Virginity pledges are effective in encouraging teens to delay sexual initiation, but a pledge by itself is not sufficient. Young people also need to participate in an abstinence program and to have family and friends who support and encourage them to remain chaste.
A 2004 study from Columbia and Yale Universities found that teens who make a virginity pledge are 12 times more likely than non-pledgers to be virgins at marriage.
Funding for Abstinence-until-marriage Programs
Although funding for abstinence-until-marriage has increased recently, comprehensive sex education and contraception programs are vastly over-funded in comparison. In 2002, abstinence-until-marriage programs received $144.1 million in federal and state government funding, while contraception sex-ed programs received $1.73 billion in 2002. In other words, government spent $12 to promote contraception for every dollar spent on abstinence education.
Abstinence-until-marriage programs have proven to be very effective in reducing sexual activity among young people.
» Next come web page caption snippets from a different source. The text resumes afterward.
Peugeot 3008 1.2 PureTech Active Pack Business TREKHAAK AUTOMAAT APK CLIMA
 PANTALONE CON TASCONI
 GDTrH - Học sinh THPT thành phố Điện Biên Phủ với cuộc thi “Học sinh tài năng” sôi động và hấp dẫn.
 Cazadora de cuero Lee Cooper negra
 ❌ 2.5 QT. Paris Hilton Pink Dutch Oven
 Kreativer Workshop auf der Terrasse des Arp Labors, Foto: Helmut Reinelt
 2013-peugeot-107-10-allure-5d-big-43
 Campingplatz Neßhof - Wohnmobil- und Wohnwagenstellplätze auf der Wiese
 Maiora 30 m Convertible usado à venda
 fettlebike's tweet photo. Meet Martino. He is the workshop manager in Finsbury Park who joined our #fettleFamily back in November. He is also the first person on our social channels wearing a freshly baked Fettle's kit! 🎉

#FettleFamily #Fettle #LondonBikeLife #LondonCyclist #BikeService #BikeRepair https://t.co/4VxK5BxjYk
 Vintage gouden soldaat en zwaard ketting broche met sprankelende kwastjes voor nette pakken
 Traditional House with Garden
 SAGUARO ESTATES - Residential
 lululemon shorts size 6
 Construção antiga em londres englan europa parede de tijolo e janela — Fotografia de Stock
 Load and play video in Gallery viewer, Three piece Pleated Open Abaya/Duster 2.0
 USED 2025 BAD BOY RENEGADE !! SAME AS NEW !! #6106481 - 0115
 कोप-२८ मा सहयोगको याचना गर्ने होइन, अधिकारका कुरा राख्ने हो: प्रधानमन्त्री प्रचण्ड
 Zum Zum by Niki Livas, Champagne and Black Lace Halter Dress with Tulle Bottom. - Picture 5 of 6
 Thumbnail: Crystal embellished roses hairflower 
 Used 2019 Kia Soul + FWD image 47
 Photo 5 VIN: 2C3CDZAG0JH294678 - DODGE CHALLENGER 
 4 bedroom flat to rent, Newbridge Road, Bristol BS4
Their success in changing young people's views and behavior is due to the fact that they teach young people that saving sex for marriage is the best choice, one that will benefit them now and in the future. In addition, these programs give students the knowledge and skills they need to abstain until marriage.
Unfortunately, many abstinence organizations lack the financial resources to expand their programs. These organizations are small non-profits with shoe-string budgets, relying on donations, the sale of their materials, and government funding for survival. Due to their limited resources, they are often unable to meet the demand for their programs. Abstinence programs should receive more funding, because abstinence is the only 100 percent effective way to prevent out-of-wedlock pregnancy and STDs. More funding will enable these programs to bring the abstinence message to more young people, teaching them that the best way to find true happiness, intimacy and love is to save sex for marriage.
Bridget Maher is an analyst on marriage and family issues in the Center for Marriage and Family Studies at the Family Research Council.